#### The problem:
Each entry below is to be reproduced exactly, though any pictures it holds must be omitted.

===== Working data

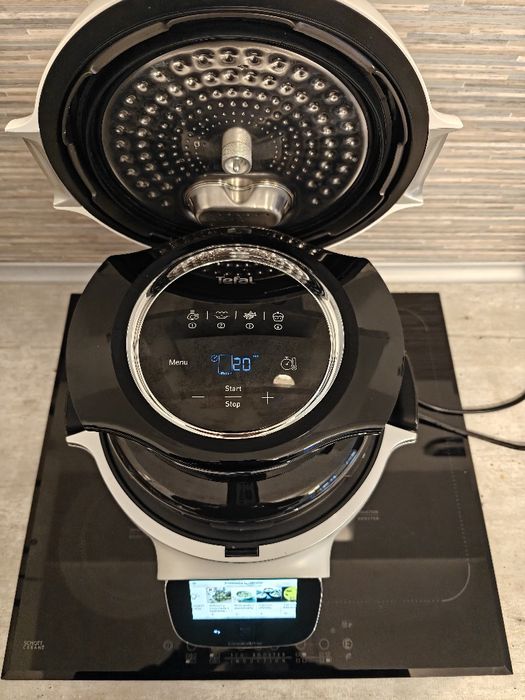 Tefal Cook4me touch pro z nakładką Extra Crisp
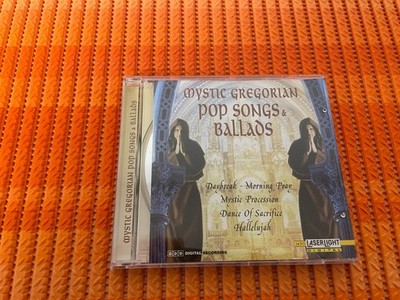   CD:  MYSTIC GREGORIAN - Pop Songs & Ballads - TOP Zustand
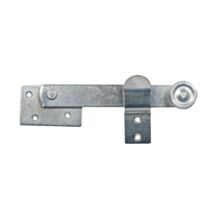 Poignee de fleau 140mm ac. zing.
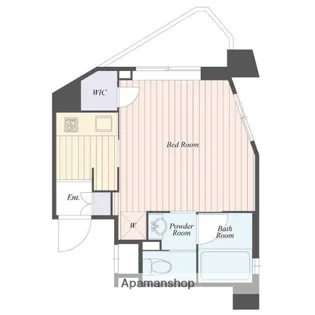 B CITY APARTMENT SUGINAMI TAKAID【7階】の間取り
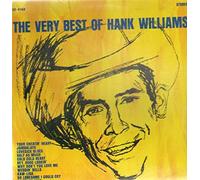 HANK WILLIAMS - HANK WILLIAMS very best of POLYGRAM 4168 (LP vinyl record)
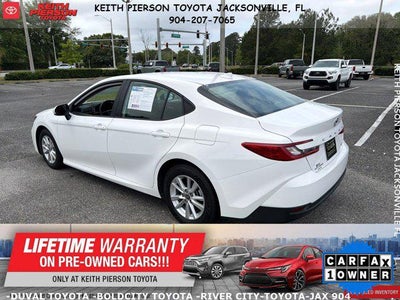 2025 Toyota Camry LE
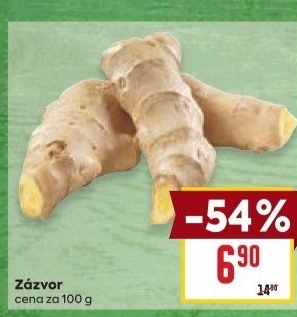 Zázvor čerstvý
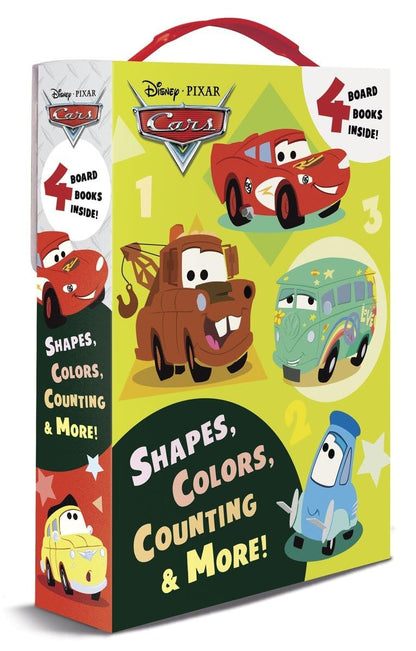 Shapes, Colors, Counting & More! (Disney/Pixar Cars) by RH D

==========

#### Output of the task:
 Tefal Cook4me touch pro z nakładką Extra Crisp
   CD:  MYSTIC GREGORIAN - Pop Songs & Ballads - TOP Zustand
 Poignee de fleau 140mm ac. zing.
 B CITY APARTMENT SUGINAMI TAKAID【7階】の間取り
 HANK WILLIAMS - HANK WILLIAMS very best of POLYGRAM 4168 (LP vinyl record)
 2025 Toyota Camry LE
 Zázvor čerstvý
 Shapes, Colors, Counting & More! (Disney/Pixar Cars) by RH D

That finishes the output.